Mais elle pointe également du doigt un véritable paradoxe. Malgré le fait que le mouvement ait infusé les esprits et les discussions, “la France a complètement raté le coche” de #MeToo, parasité notamment par le débat autour de la liberté d’importuner, regrette l’actrice.
Un manque de moyens
Adèle Haenel profite également de cette interview pour dénoncer la lenteur du gouvernement sur les questions de justice face aux agressions sexuelles.

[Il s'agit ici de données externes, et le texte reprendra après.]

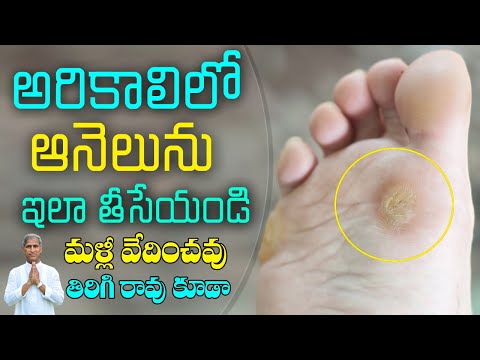 అరికాలి ఆనెలు ను ఇలా తొలగించండి | How to Removal Foot Corn ? | Dr Manthena Satyanarayana Raju Videos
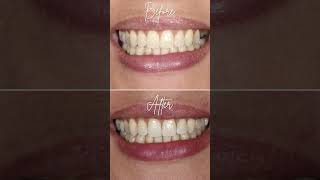 Catia's Implants for Missing Teeth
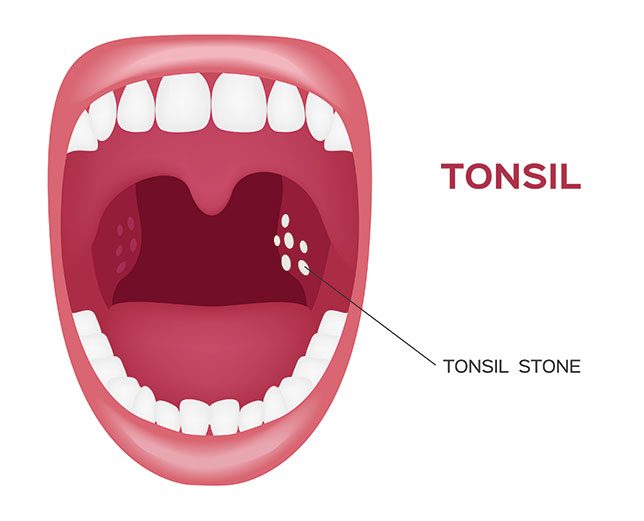 Tonsil stones how to remove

Bien qu’Emmanuel Macron ait fait de l’égalité femmes-hommes la “grande cause du quinquennat”, “la lenteur de la réactivité du gouvernement face au phénomène #MeToo laisse penser que les pouvoirs publics tolèrent une marge de violence sur les femmes“, dénonce-t-elle.
Le cas des César
À l’approche des César, où elle est nommée dans la catégorie meilleure actrice aux côtés de sa partenaire de jeu Noémie Merlant pour Portrait de la jeune fille en feu, Adèle Haenel met en garde l’Académie qui a choisi de nommer le réalisateur accusé de viol sur mineure dans la majorité des catégories.

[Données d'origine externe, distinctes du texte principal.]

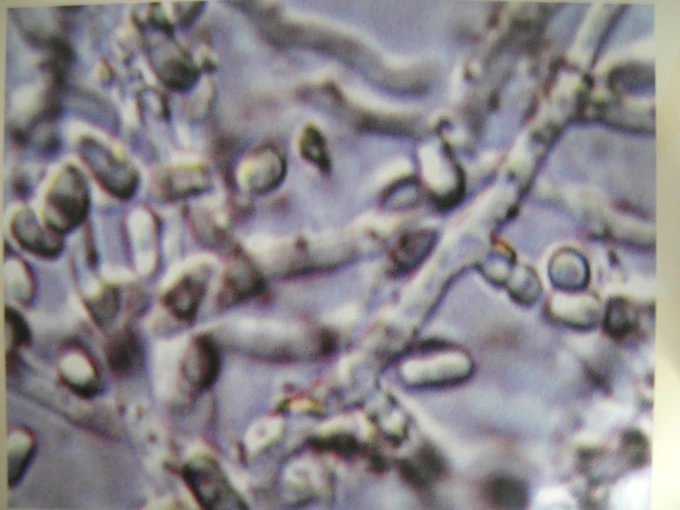 從菌塊上取樣用顯微鏡觀察，可見大部份菌絲已經分化（或轉型化)為分生孢子。
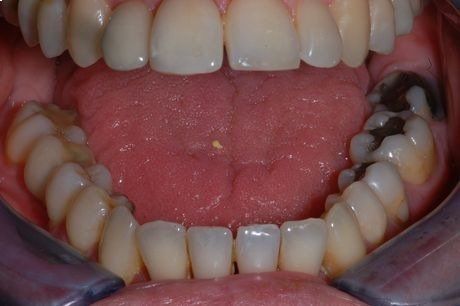 Bocca aperta che mostra denti con carie scure e macchie gialle sui molari inferiori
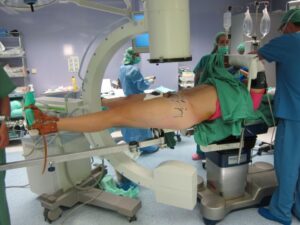 colocacion-artroscopia-cadera-dr-bernaldez-sevilla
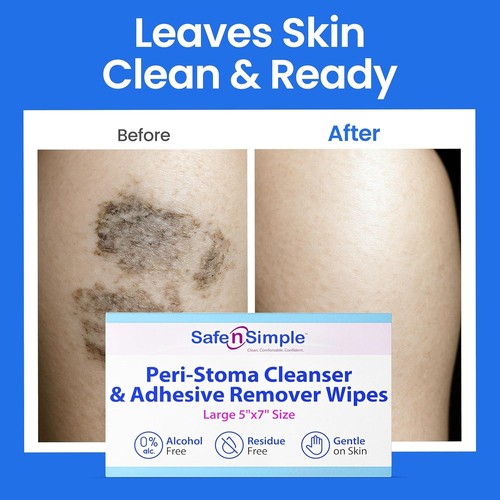 Adhesive Remover for Skin - 5"x7" 50 Wipes - Stoma Adhesive Remover Wipes - A... - Picture 8 of 8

“Distinguer Polanski, c’est cracher au visage de toutes les victimes. Ça veut dire, ‘ce n’est pas si grave de violer des femmes’.”

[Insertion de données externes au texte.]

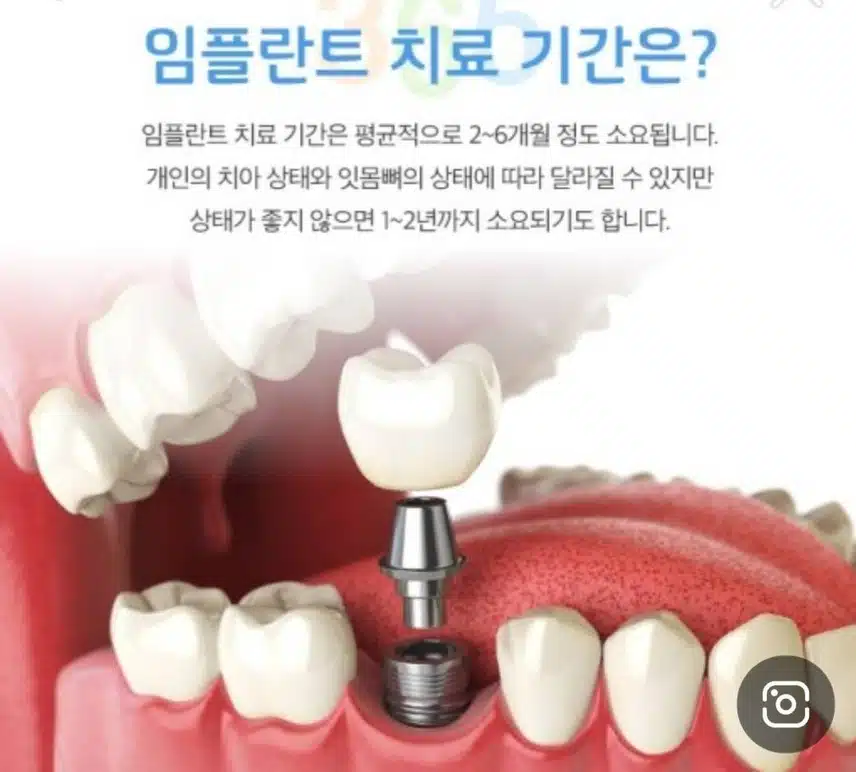 임플란트 젊은 사람도 하나요?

Elle profite également de cette tribune pour adresser une petit pique au cinéma français et au manque de diversité dans ses représentations.
C’est cette absence de diversité qui était d’ailleurs à l’origine de la tribune parue dans Le Monde signée par 400 personnalités du cinéma, dont Céline Sciamma, la réalisatrice de Portrait de la jeune fille en feu.
“Et les hommes riches, blancs, rassurez-vous : vous possédez tous les moyens de communication“, a conclu Adèle Haenel.